To the Heart of the Otherside

Fanny F. C.
Chapter #2

Satu

“Saya hanya berniat membantu.”

Tanpa gentar, aku menatap pria berambut kelabu yang duduk di seberangku.

“Karena tidak ada yang tampak peduli saat keponakan Anda mendorong salah satu adik tingkatnya ke kubangan lumpur dan mengatainya banci hanya karena bidikan panah anak itu melenceng beberapa jengkal dari seharusnya.”

Mendengarku menyebut keponakan kesayangannya, bibir pria itu mengatup begitu rapat hingga nyaris setipis garis. Di sebelahnya, asistennya yang berperut buncit dan berkepala botak mendengkus tak suka.

“Beginilah jadinya kalau seorang anak perempuan dibesarkan tanpa ayahnya. Benar-benar tak tahu aturan,” cibir si asisten gendut dalam bisikan yang cukup keras untuk kudengar. Everett Arnott, pria beruban di depanku, spontan melempar lirikan tajam ke arah asistennya. Bibirnya sudah kembali terbuka, tapi sebelum sepatah kata pun terlontar dari sana, aku mendahuluinya.

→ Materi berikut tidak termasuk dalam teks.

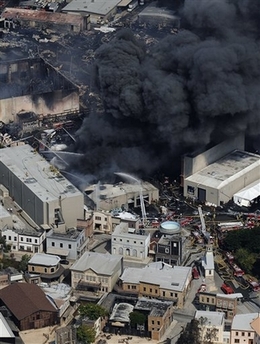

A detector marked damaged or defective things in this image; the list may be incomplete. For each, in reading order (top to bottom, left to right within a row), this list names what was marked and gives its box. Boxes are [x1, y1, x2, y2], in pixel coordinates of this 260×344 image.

burned structure [1, 7, 90, 32]
burned structure [0, 57, 79, 128]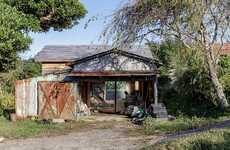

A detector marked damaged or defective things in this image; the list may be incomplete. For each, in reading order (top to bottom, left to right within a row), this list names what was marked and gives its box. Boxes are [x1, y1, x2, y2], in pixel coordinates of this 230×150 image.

rusted metal sheet [15, 74, 65, 118]
rusted metal sheet [37, 81, 77, 119]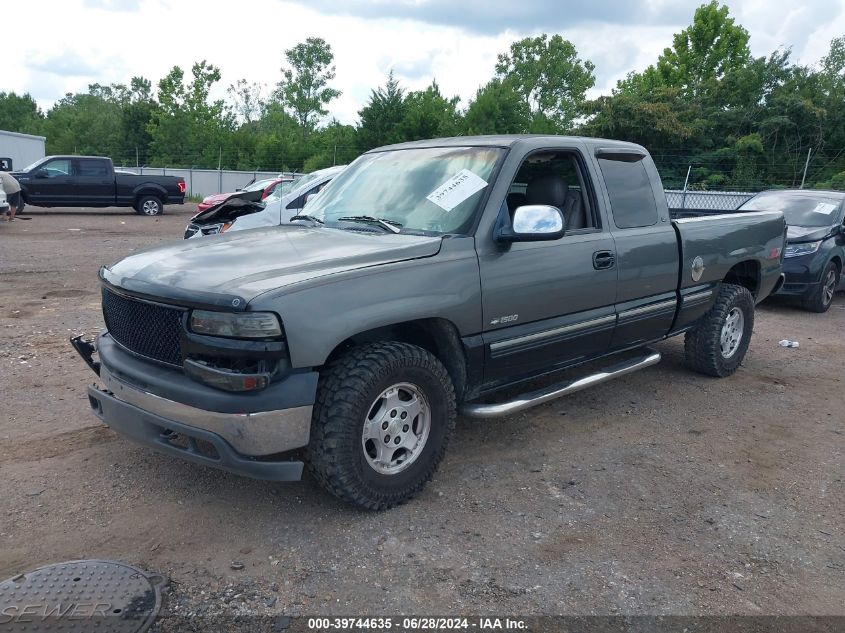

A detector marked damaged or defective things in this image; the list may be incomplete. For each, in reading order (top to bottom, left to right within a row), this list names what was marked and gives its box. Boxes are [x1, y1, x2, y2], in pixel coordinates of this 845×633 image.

damaged headlight [190, 308, 282, 338]
damaged front bumper [71, 334, 316, 482]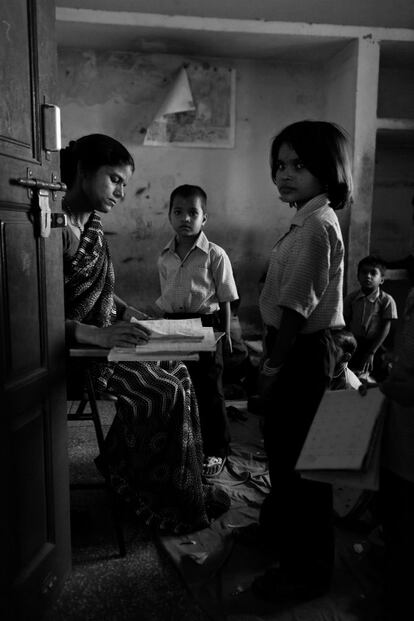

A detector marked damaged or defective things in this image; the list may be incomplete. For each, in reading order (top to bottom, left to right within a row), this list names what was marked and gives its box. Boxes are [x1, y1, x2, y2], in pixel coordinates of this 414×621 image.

peeling plaster wall [57, 49, 326, 330]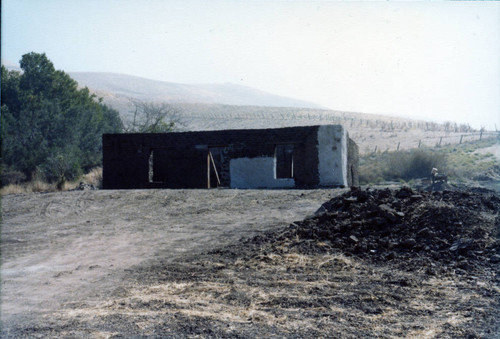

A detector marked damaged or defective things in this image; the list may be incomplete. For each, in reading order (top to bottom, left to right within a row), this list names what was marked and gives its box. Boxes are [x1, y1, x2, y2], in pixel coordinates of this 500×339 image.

burnt debris pile [250, 187, 500, 272]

“Oh ya, sayang sekali,” aku menantang tatapan merendahkan si asisten botak, “Jadi tidak ada yang mengajari saya bagaimana caranya mempermalukan orang di depan umum lalu merasa keren setelah melakukannya.”

“Kau—”

“Roderick, tolong. Dan kau juga, Adlerwick.”

Everett Arnott ganti menatapku sekarang. Sorot matanya memohon sekaligus penuh peringatan, jadi sekalipun berniat membantah—aku hanya membela diri, oke?—pada akhirnya aku menghormati permintaannya dengan menutup mulutku. Lagi pula, Ibu selalu bilang aku harus bersikap sopan pada orang-orang tua.

“Terima kasih,” sahut Everett datar, “Kembali soal apa yang terjadi tadi. Jujur, kuhargai kepedulianmu terhadap anak malang itu, Adlerwick, tapi caramu mengekspresikannya sedikit... salah.”

Pilihan katanya membuatku mengangkat bahu.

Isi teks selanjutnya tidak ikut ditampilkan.